Ron turns native North Carolina woods into beautiful family heirlooms, hummingbird houses, bowls, boxes, plate and platter, Christmas tree ornaments, ect…
He tries to never cut a living tree for turning but instead uses those destined for the fireplace or wood stove, the landfill or just left to rot on the forest floor. The wood that he turns comes primarily from dead trees being cleared from someone’s yard, trees cut for right of way, a development or by the power company, or simply left behind by a logger.
Leaving his items as natural as possible they may bear the effects of beetles, decay, fungus often including the bark, cracks and voids left by nature. Sometimes he embellishes the wood with pyrography or wood burning, texturing with special texturing spiraling tools and coloring with dyes or paint. Ron has turned everything from poison ivy to black walnut. He tries to label each wood that he turns but sometimes it is just F.O.G. (found on the ground) wood.

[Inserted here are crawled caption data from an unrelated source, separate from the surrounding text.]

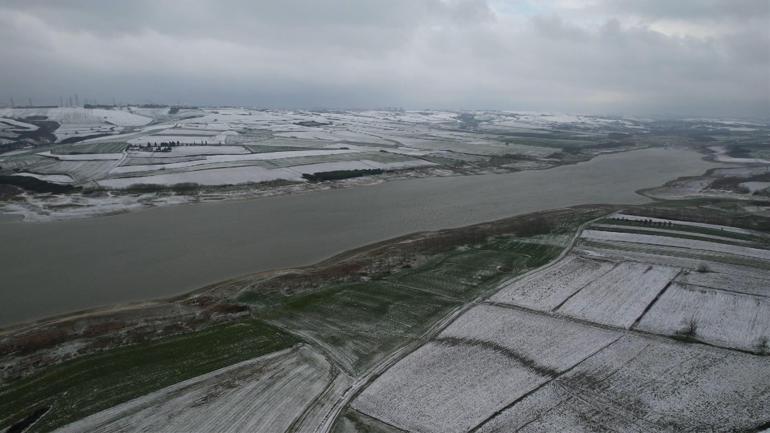 Arnavutköy beyaza büründü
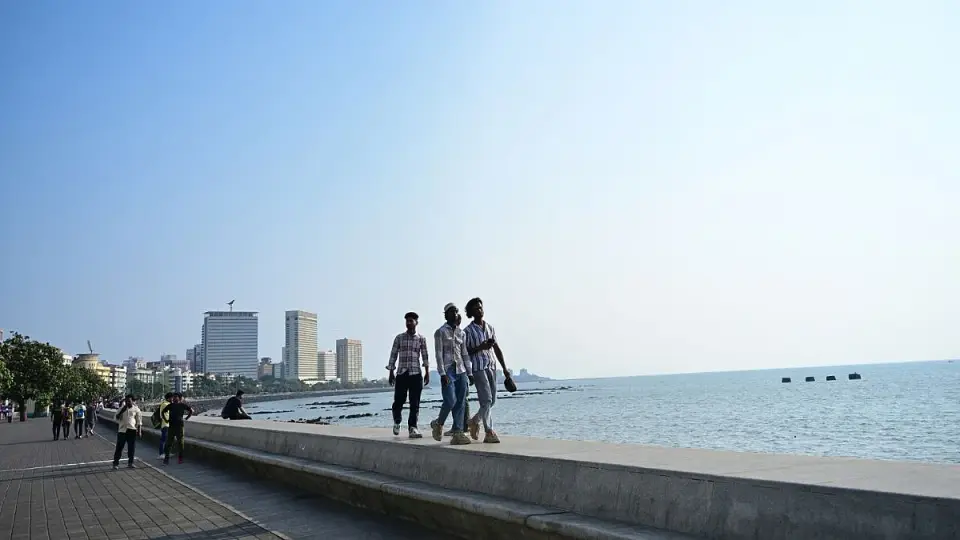 Mumbai Weather : IMD Issues Yellow Alert For City And Surrounding Districts , Warns Of Hot And Humid Conditions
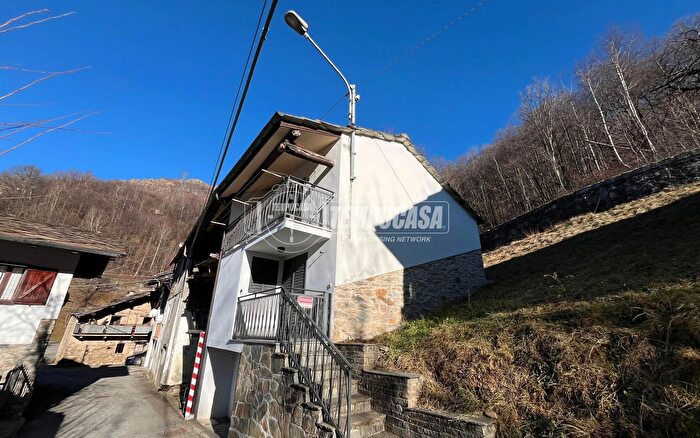 Casa bilocale in vendita in Frazione Molini, Frassinetto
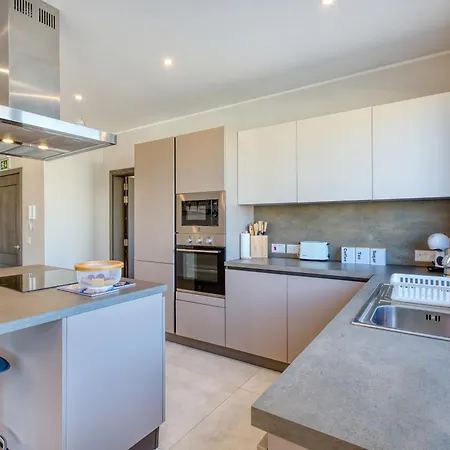 Mareluce - Penthouse In By Solea Homes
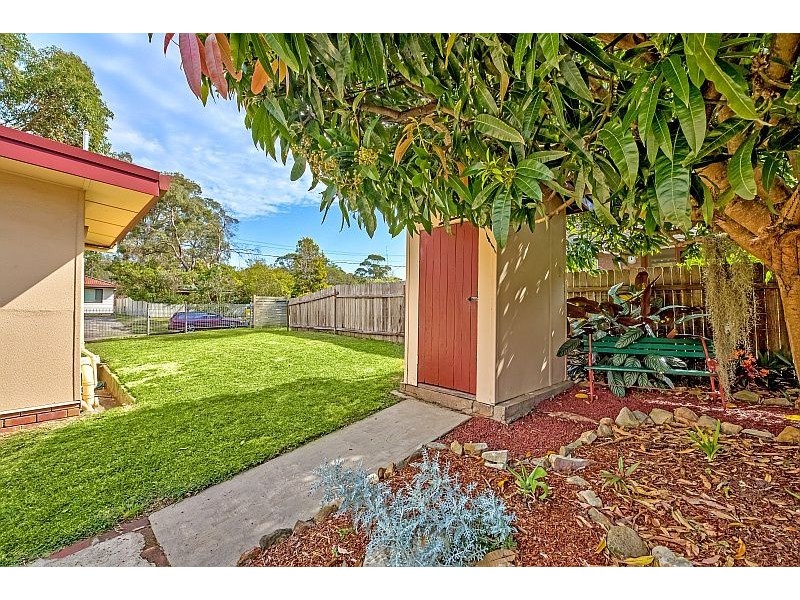 230 Lakedge Avenue, Berkeley Vale NSW 2261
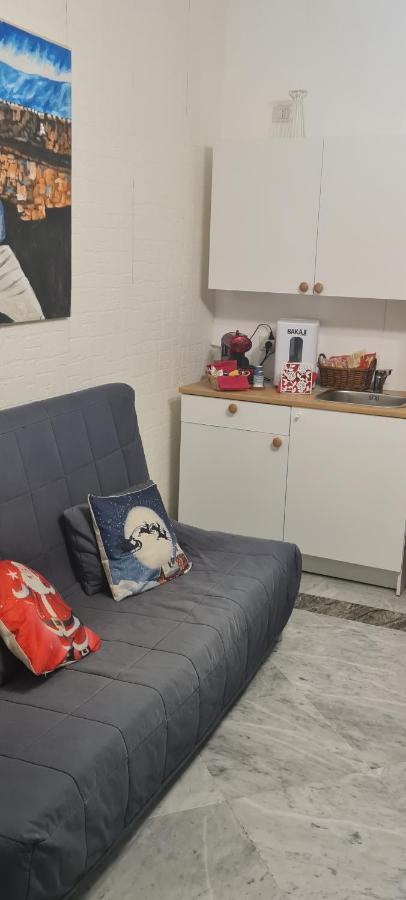 Bed and Breakfast Le Ginestre In Centro Salerno Zewnętrze zdjęcie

His first instructor was Sid Oakley, a well-known potter in the Butner area but also an artist and wood worker. He has since studied at the John C. Campbell Folk School and at Arrowmont School of Arts and Crafts and is a member of the North Carolina Woodturners, Piedmont Triad Woodturners, the Carolina Mountain Woodturners and the National Association of Woodturners.
He has exhibited at several local exhibitions and the International Symposium of the National Association of Woodturners. When asked, “What your kind favorite of wood is to turn?” his reply is, “Something that grows on trees.”